Issue 32


Thank God You're Screaming

 

                It doesn’t take long to realize that a child was much easier to take care of yesterday.  I can remember hearing Rebecca whisper under her breath about how she couldn’t wait for Skylar to be born, that she couldn’t stand being pregnant another minute because she couldn’t sleep.  Foolishly, we hoped, things would change once he arrived.  Things did change, like Rebecca slept even less because she was breastfeeding every few hours, all day and all night long.

                Fortunately, there’s always the hope that things will change again for the better.  I can remember hearing Rebecca whisper under her breath that she wished Skylar could hold his bottle for himself.  Slowly we worked with him and his finger control.  We could tell he wanted to be able to do it so badly.  Finally the day came when he could hold the bottle for himself.  That was also the same day he was able to reach up, remove Rebecca’s glasses, and break them.  Since then he has discovered how to open drawers filled with deadly kitchen utensils, how to make the same sound on his electronic toy until God has the mercy to make the batteries die, and, joy of joys, take off his diaper all by himself.  I still have the bruise from the morning we foolishly laid our son in bed between us with one of his hard plastic rattles.  With a single random flailing of his arm, Skylar was able to wake us both from deep REM sleep when he cracked me in the crown of my nose and nailed Rebecca in the eye.

                A pattern is starting to become clear to me with each of these changes for a hopeful better.  Skylar is now clearly on the path to learning how to walk.  He can already crawl, albeit backwards only, and is able to back himself up until he is trapped in the jaws of his changing table.  Even in his untraditional mode of traveling he has discovered every tasty paper clip I have ever lost in my life. Setting him facing the door to his bedroom, I figured he could only move himself further back into his room while I took advantage of a three-minute run down to the basement to move laundry into the dryer.  I didn’t realize there was a spin cycle on Skylar as well, as I discovered when I returned and he was somehow out in the hall, right at the edge of the stairs.  It is a foolish pipe dream, I know, to wish that things could be like the past, when I could lay him down on my bed and be able to come back 20 minutes later to find him in exactly the same spot.

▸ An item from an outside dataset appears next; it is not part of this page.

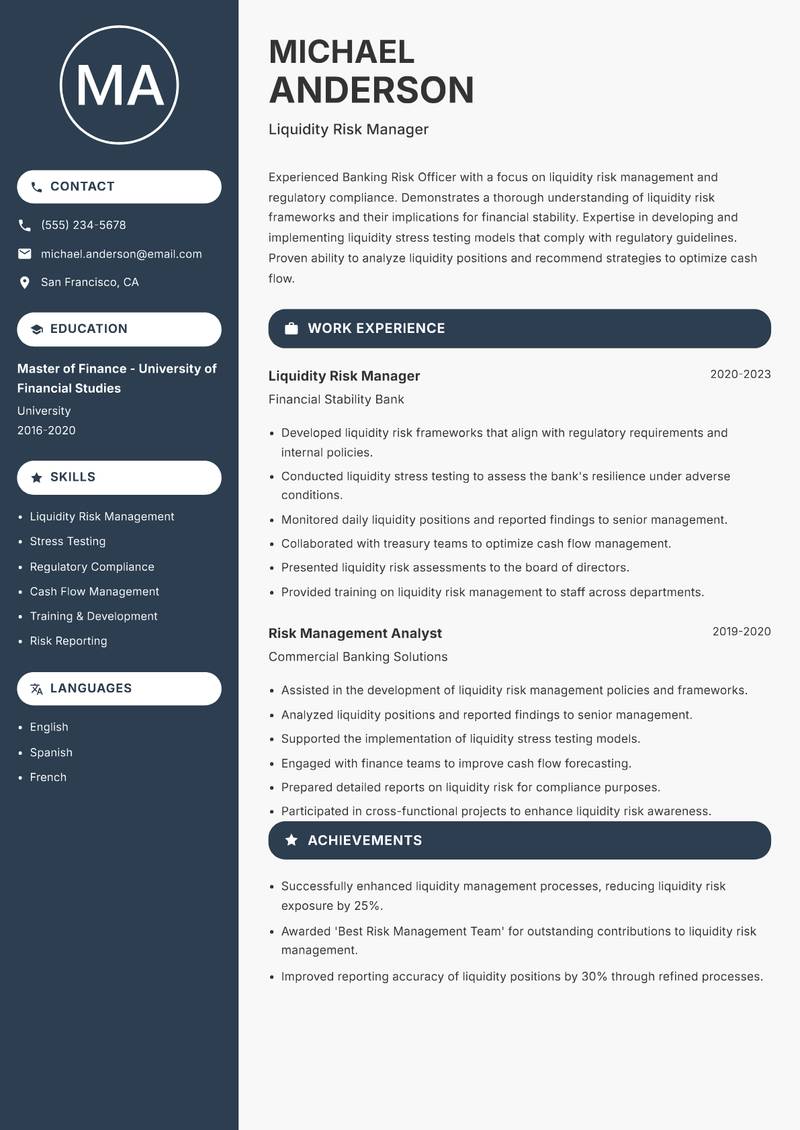 Banking Risk Officer resume template — Compact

                Just yesterday I sat Skylar in the easy chair while I changed a CD.  I turned to see Skylar filled with curiosity as he leaned forward to see what was over the edge of the chair.  It was like being in a movie, with Dad-cam rolling: slow-motion and you just can’t move fast enough.  As he fell head-first, I remembered the words of my brother as he explained to me that children lose an IQ point every time they land on their heads.  There was the horrible thump as Skylar’s head hit the floor, then an infinity of silence.

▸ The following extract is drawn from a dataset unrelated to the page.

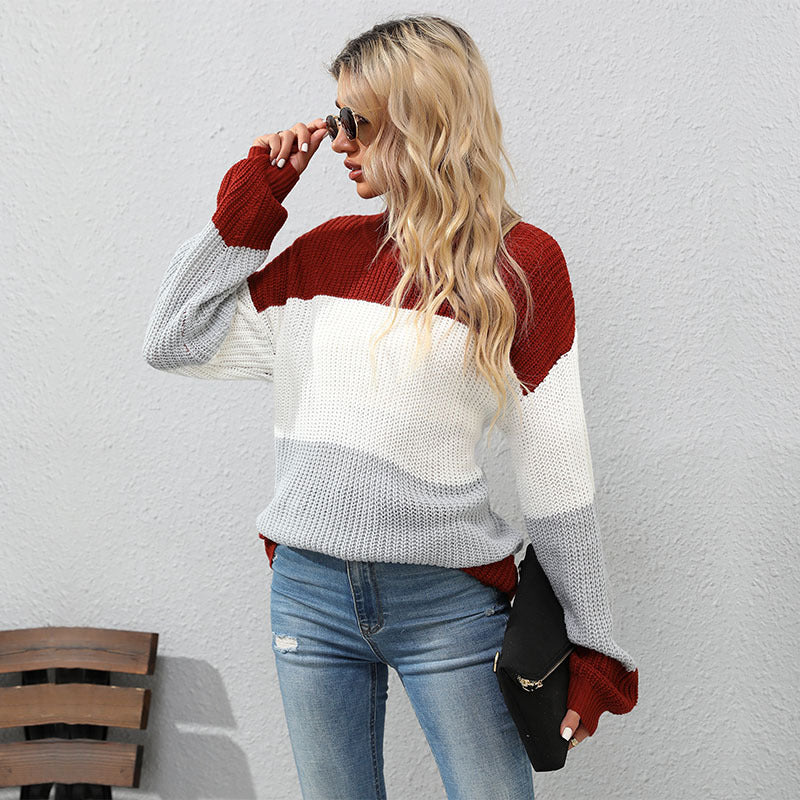 New Autumn And Winter Fashion Women's Long-Sleeved Matching Color In The Long Sweater Casual Women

                Silence.  Each night I pray as I lay in bed for a sound no louder than his gentle breathing while he sleeps.  We can’t go to movies anymore because Skylar has become a chatterbox as he cycles through his ba-ba, da-da, and ma-ma repertoire.  And then there are the screaming fits when he is teething where my heart breaks for him as my mind shatters over and over again like Promethean glass.  Silence.  It seems to be only a distant memory of my past.  But at this moment, silence equals terror.

                I hear his scream, and then I can finally breath again.  I pick Skylar up and soothe him.  Rebecca rushes into the room because this is the first time we have heard this particular cry; it is one of those firsts neither one of us feels the urge to run and get the camera for.  We both hold Skylar, and I thank God that he is screaming.  For despite all the noise and chaos he brings, my life is so much richer for his being a part of it.

                I look at Rebecca, and she looks at me.  I see her lips move as she quietly whispers under her breath.  I cannot hear her words for Skylar’s 100 decibel screams are about an inch from my left, almost deaf, ear.  But I can read her lips because I’m thinking exactly the same thing:

                When do we have the next one?